Source information>
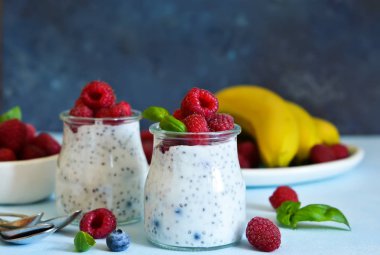 Ahududu ve kahvaltı için muz ile vanilya yoğurt. Diyet yemekler.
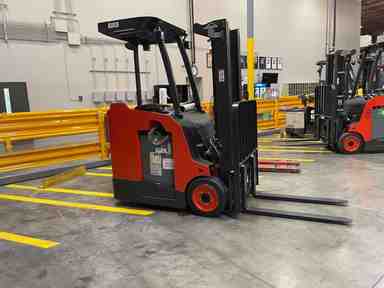 Used 2022 LINDE E18S_1346-20 Forklift – Electric Stand Up Counterbalance, 3500 lb Capacity, 84” Mast, 542 Hours – $32500.00 – Phoenix - Thumbnail 1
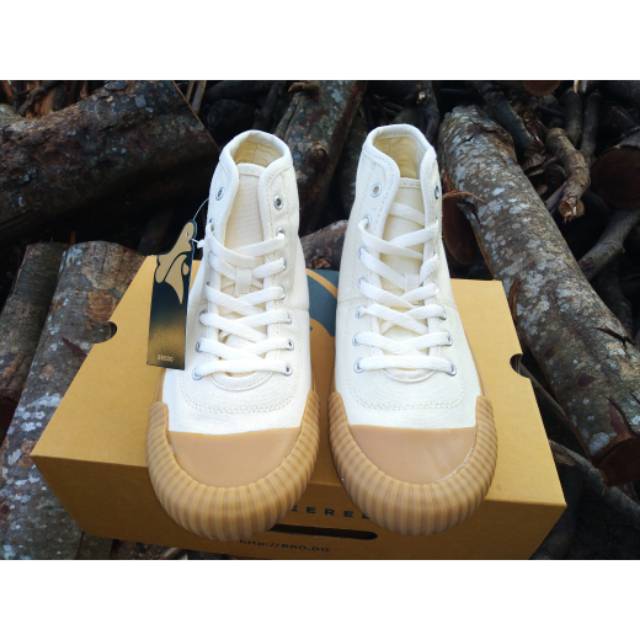 Brodo Vulcan Hi Off White (GUM SOLE) Size 43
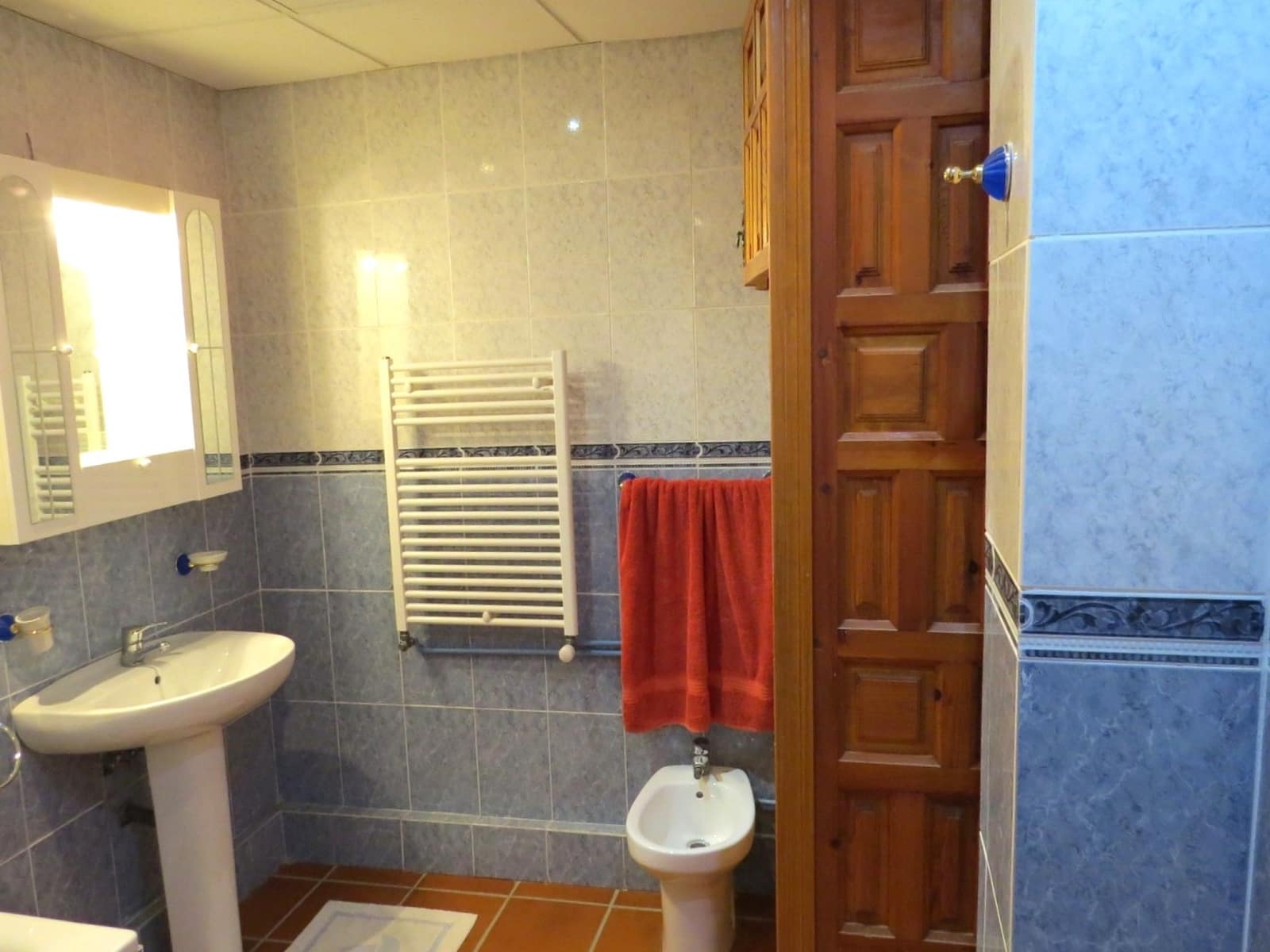 6 sypialnia Willa na sprzedaż w Berchules z basenem garażem - 290 000 € (Ref: 8765760)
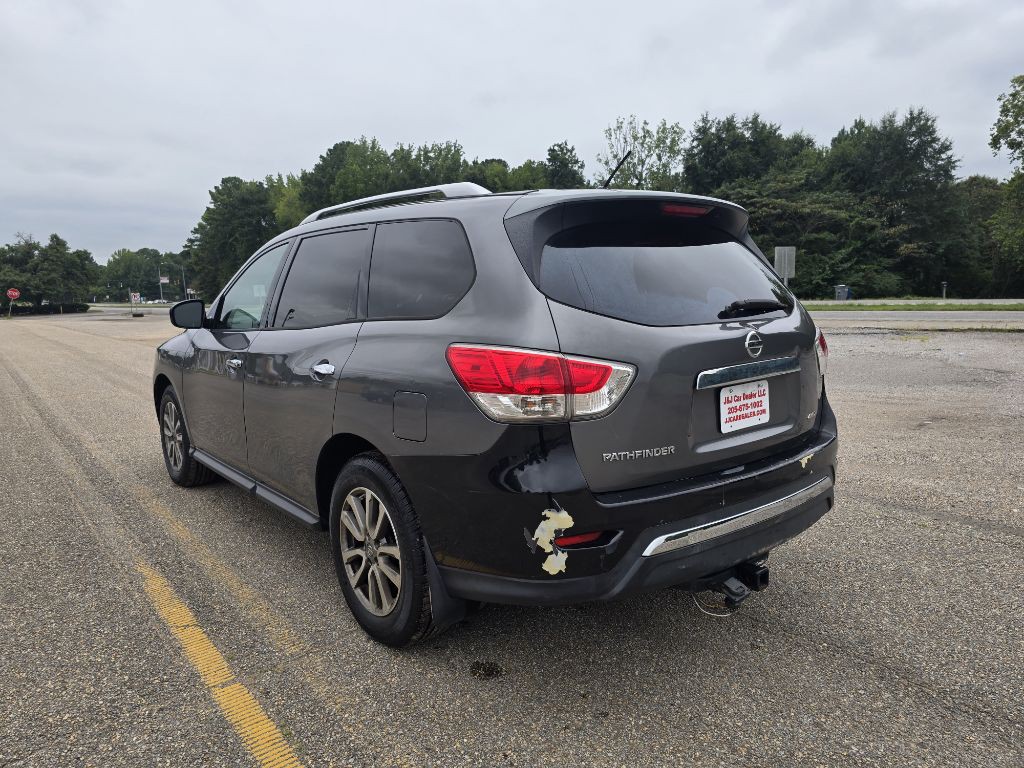 2016 Nissan Pathfinder Image 8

What to work on> An exact transcription of the data above is needed, without the pictures.

Answer box>
 Ahududu ve kahvaltı için muz ile vanilya yoğurt. Diyet yemekler.
 Used 2022 LINDE E18S_1346-20 Forklift – Electric Stand Up Counterbalance, 3500 lb Capacity, 84” Mast, 542 Hours – $32500.00 – Phoenix - Thumbnail 1
 Brodo Vulcan Hi Off White (GUM SOLE) Size 43
 6 sypialnia Willa na sprzedaż w Berchules z basenem garażem - 290 000 € (Ref: 8765760)
 2016 Nissan Pathfinder Image 8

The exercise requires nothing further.